Thinking twice about Facebook groups

Here at the Stony Brook University School of Journalism, we were graced this week with a visit from Joe Grimm, the longtime recruiting editor for the Detroit Free Press, a Poynter columnist and one of the nation’s experts on newspaper careers. Since leaving the Freep 19 months ago, Joe has moved much of his voluminous advice for internship seekers and job hunters onto his Web site, And he’s expanding his bailiwick beyond newspapers to news careers of all sorts. (No fool, he.)

Joe is a witty, warm, nice man. We kept him busy for two days, meeting with faculty, meeting with our seniors and speaking to classes. I’ll have a lot to say about his visit over the next couple of days, but for now, I’d like to reflect on something he said about Facebook.

When Joe met with our graduating seniors, someone asked him what he wanted or didn’t want to see on a job applicant’s Facebook page. Stupid pictures are bad, of course, he said, the ones that show you crazed from booze or flaunting assets best left to the imagination.

We’ve all heard that before.

But then he mentioned Facebook groups, and that was one of those this-is-so obvious-how-could-I-never-have-thought-of it moments. I’d never thought about how groups I’d idly joined, whether out of interest, to show solidarity or to please a friend, could so easily reflect personal opinions, political leanings or beliefs that I might not want to share with every “friend” I have on Facebook. As Joe said several times, anything you put online is ubiquitous–everywhere–and forever.
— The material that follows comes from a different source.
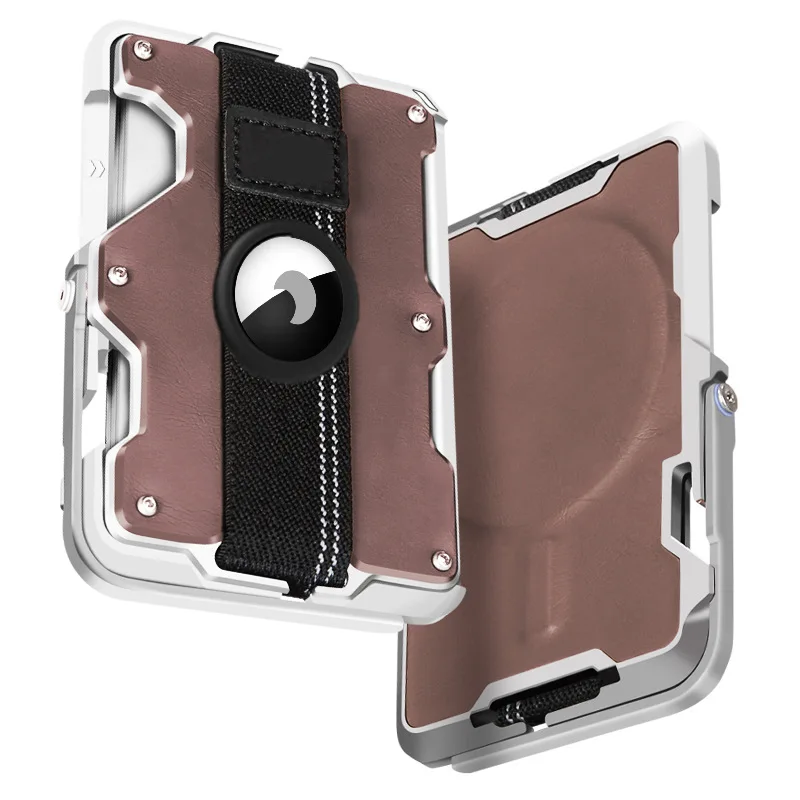 Men's Wallet Leather Metal Card Case Compatible with MagSafe Multi Function Mobile Phone Stand/Grip Bottle Opener RFID Shielding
I’ve dropped some groups from my list now. No doubt there’s still a way for anyone determined to dig up the names of those groups to do so, but few people will bother, I’d be willing to bet. Monitoring one’s online persona is a constant responsibility, and now I’m going to avoid joining groups that reveal more about me than I might wish.

    • Jay Riemenschneider
    • March 11th, 2010

    Man, whoever asked him about Facebook must be an absolute genius. I wish I was as smart that that guy. What a sweet dude.

    • Rachel Shapiro
    • March 11th, 2010

    This occurred to me a while back when I was looking for journalism jobs and I did go in to my FB account and delete some of the silly, wild, maybe a little offensive or provocative groups I had joined spur of the moment. I still have a few groups that display my feelings about certain things but not to the degree that it had. Good idea.

    • TC
    • March 12th, 2010

    Very interesting insights; however there is one caveat to this blog entry. You have written it on… one of the most SEO friendly sites on the web. The caveat is that you wrote a blog entry that has popular keywords like Facebook and Joe Grimm that also talks about (essentially) how you were in Facebook groups that may or may not have shown political leanings. You go on to say that you removed them to keep certain opinions of yours a secret and that people probably won’t bother to dig to see what they were. Here’s the caveat… now people have a reason to look. I think this adds to what Mr. Grimm said about how UGC is ubiquitous–everywhere–and forever.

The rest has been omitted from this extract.